How quickly should failover detect a dead proxy?

Aim for detection within 10-30 seconds. Use active health checks every 15-30 seconds combined with passive detection (tracking failed requests). The circuit breaker pattern can detect failures within 3-5 failed requests (seconds in high-throughput scenarios).

Should I use the same proxy provider for primary and backup?

No. True high availability requires multiple providers. If your primary provider has an outage, a backup on the same provider will also be down. Use at least two different providers, ideally with different infrastructure.

How do I handle partial proxy failures (slow but not dead)?

Set latency thresholds in addition to error detection. If a proxy responds but takes over 5 seconds, treat it as degraded and route traffic to faster alternatives.
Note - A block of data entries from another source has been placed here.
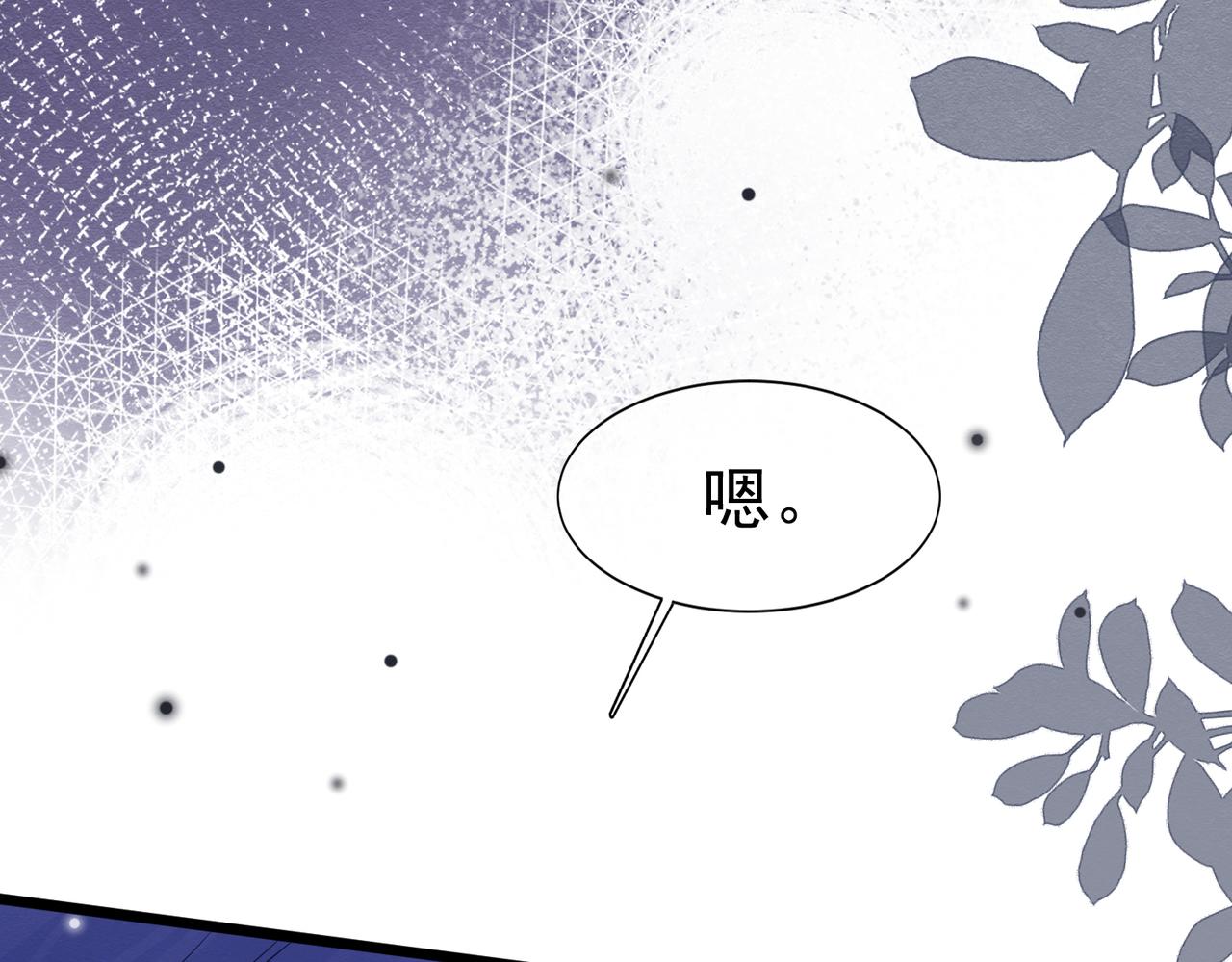 48 神秘花园的主人38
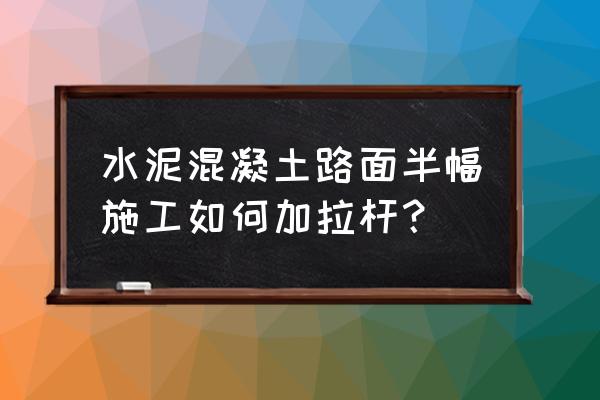 异形框拉杆箱图片大全 水泥混凝土路面半幅施工如何加拉杆？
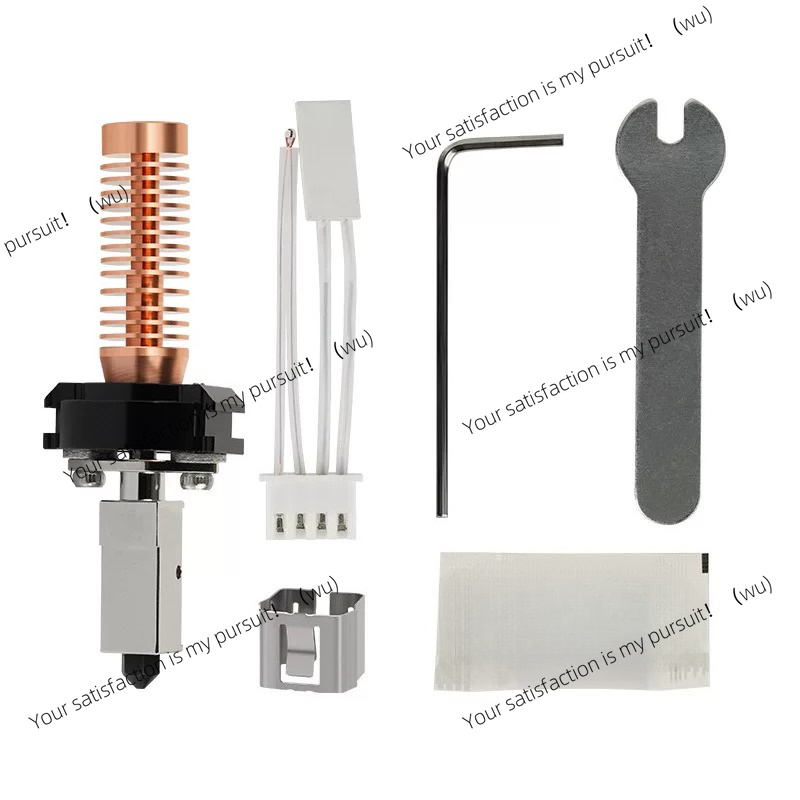 3D Printer Hotend Kit - Für AD5M pro Hochgeschwindigkeits-Druckzubehör 3D-Drucker Schnellwechsel-Keramik-Hotend-Kit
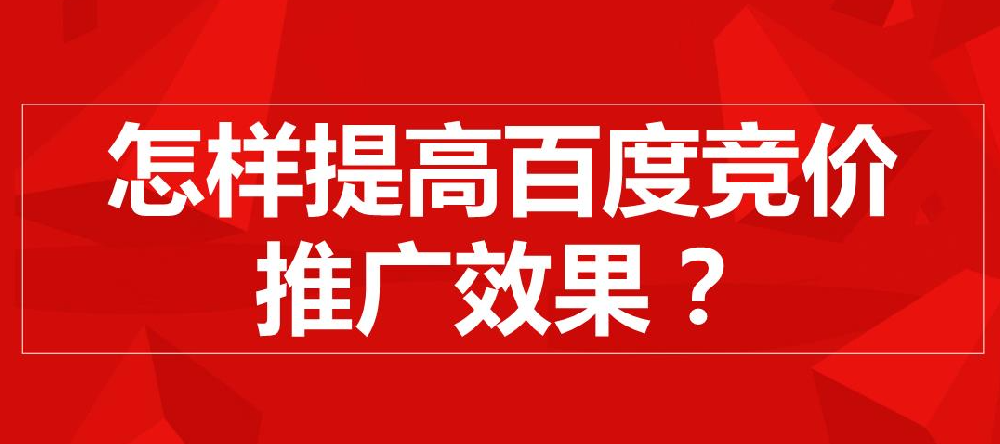 百度推廣效果提升方法有哪些？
The weighted round-robin pattern can deprioritize slow proxies without fully removing them.

What is the difference between active and passive health checks?

Active health checks send periodic test requests to each proxy (e.g., every 30 seconds). Passive health checks monitor real traffic and mark proxies unhealthy based on actual failures. The best approach combines both for fast detection and accurate status.

How many backup proxies do I need?

A good rule of thumb is a 3:1 ratio — for every 3 primary proxies, have 1 backup ready. For critical operations, maintain a 1:1 ratio. Always have at least one alternative proxy provider configured, even if you rarely need it.